A Constituição Federal destaca as hipóteses de competência por prerrogativa de função referentes ao Supremo Tribunal Federal e ao Superior Tribunal de Justiça. O Supremo Tribunal Federal, cuja função principal é a “guarda da Constituição”, na área penal tem competência para processar e julgar:
(...) nas infrações penais comuns o Presidente da República, o Vice-Presidente, os membros do Congresso Nacional, seus Ministros e o Procurador-geral da República; nas infrações penais comuns e nos crimes de responsabilidade, os Ministros de Estado e os Comandantes da Marinha, do Exército e da Aeronáutica, ressalvada a hipótese dos crimes de responsabilidades conexos com os do Presidente e Vice-Presidente, os membros dos Tribunais Superiores, os do Tribunal de Contas da União e os chefes de missão diplomática de caráter permanente (art. 102, I, “b” e “c”). (MIRABETE, 2008, págs. 176, 177)
Já ao Superior Tribunal de Justiça compete processar e julgar:
(...) nos crimes comuns, os Governadores dos Estados e do Distrito Federal, e, nestes e nos de responsabilidade, os desembargadores dos Tribunais de Justiça dos Estados e do Distrito Federal, os membros dos Tribunais de Contas dos Estados e do Distrito Federal, os dos Tribunais Regionais Federais, dos Tribunais Regionais Eleitorais e do Trabalho, os membros dos Conselhos ou Tribunais de Contas dos Municípios e os do Ministério Público da União que oficiem perante os tribunais (art. 105, I, “a”). (MIRABETE, 2008, p.177)
A competência por prerrogativa de função abarca também as pessoas que não possuem foro especial, toda vez que houver concurso de pessoas (arts. 77, I e 78, III). De acordo com a Súmula 704 do STF, “não viola as garantias do juiz natural, da ampla defesa e do devido processo legal a atração por continência ou conexão do processo do co-réu ao foro por prerrogativa de função de um dos denunciados”. “Entretanto, rejeitada a denúncia contra a pessoa que goza de foro privilegiado, a competência para o julgamento dos demais retorna para o 1º grau de jurisdição”.
A competência fixada pelo foro por prerrogativa de função afasta a regra do foro pelo lugar da infração. Estende-se, a qualquer região do território nacional, ainda que a infração tenha sido praticada em outro Estado, a competência do Tribunal de Justiça do Estado sobre o seu jurisdicionado.

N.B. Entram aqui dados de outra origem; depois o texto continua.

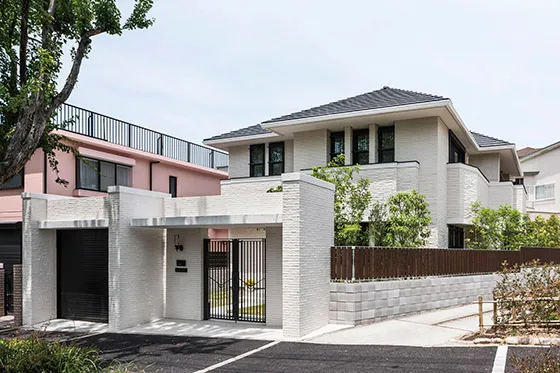 光に輝く白いタイル。 映し出す影までも美しい外壁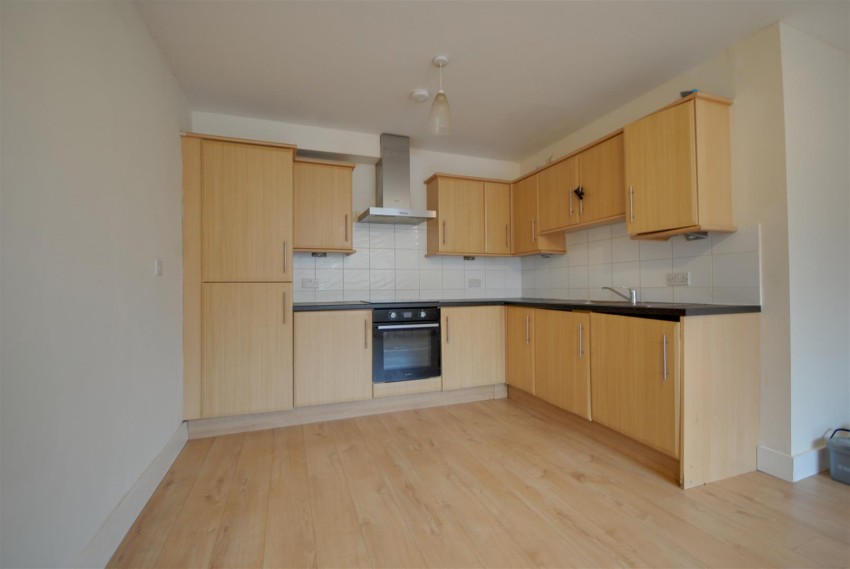 Images for HOLYWELL ROAD, Watford REDUCED & CHAINFREE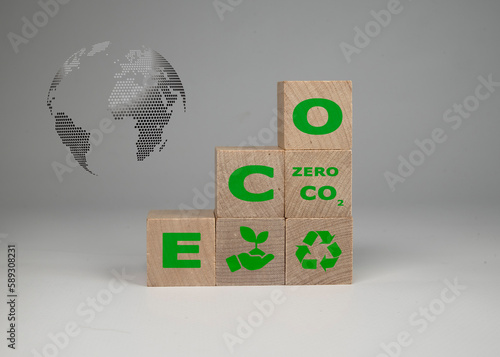 Napis ECO. Koncepcja ograniczania emisji CO2 oraz dbania o przyszłość planety.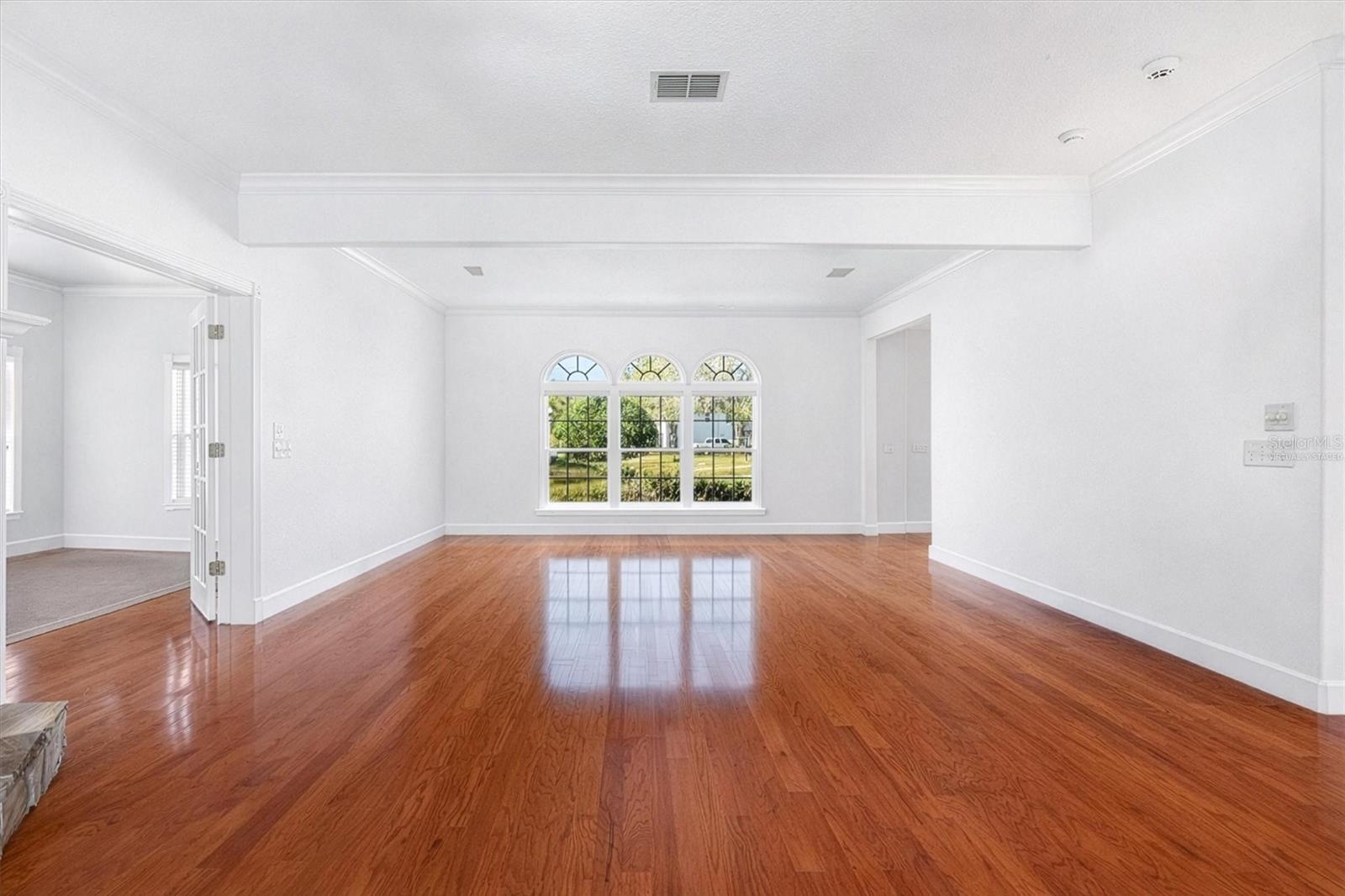 Image 14 of 79 For 441 Courtlea Oaks Boulevard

Importantíssimo trazermos à baila os casos de crimes dolosos contra a vida, que sejam praticados por quem goze de foro por prerrogativa de função estabelecido pela Constituição Federal. Nesse caso, a competência para processá-lo e julgá-lo será do foro especial, já que a própria Constituição estabelece exceção à regra do Tribunal do Júri. Contudo, se o foro especial for estabelecido pela Constituição estadual, por lei processual ou de organização judiciária, o autor do crime doloso contra a vida será submetido ao Tribunal do Júri, já que tais regras não poderão sobrepujar a competência do juízo estabelecido pela Carta Magna. Nesses termos é a Súmula 721 do STF: “A competência constitucional do Tribunal do Júri prevalece sobre o foro por prerrogativa de função estabelecido exclusivamente pela Constituição estadual”.
Conclusão
O objetivo desse estudo foi o de trazer esclarecimentos, de forma clara e objetiva, sobre as matérias abordadas.
Com base na leitura proposta e, considerando tudo o que por ela fora abordado, fica de fácil percepção as diferenças entre esses dois institutos (jurisdição e competência). Institutos que, apesar de distintos, equivocadamente, ainda são tratados como sinônimos.
Referências
ALMEIDA, Roberto Moreira de. Teoria geral do processo: Civil, Penal e Trabalhista. 2. ed. São Paulo: Método 2010.
MIRABETE, Júlio Fabbrini. Processo Penal. São Paulo: Atlas, 2008.
TOURINHO FILHO, Fernando da Costa. Processo Penal. v. 2. São Paulo: Saraiva, 2008.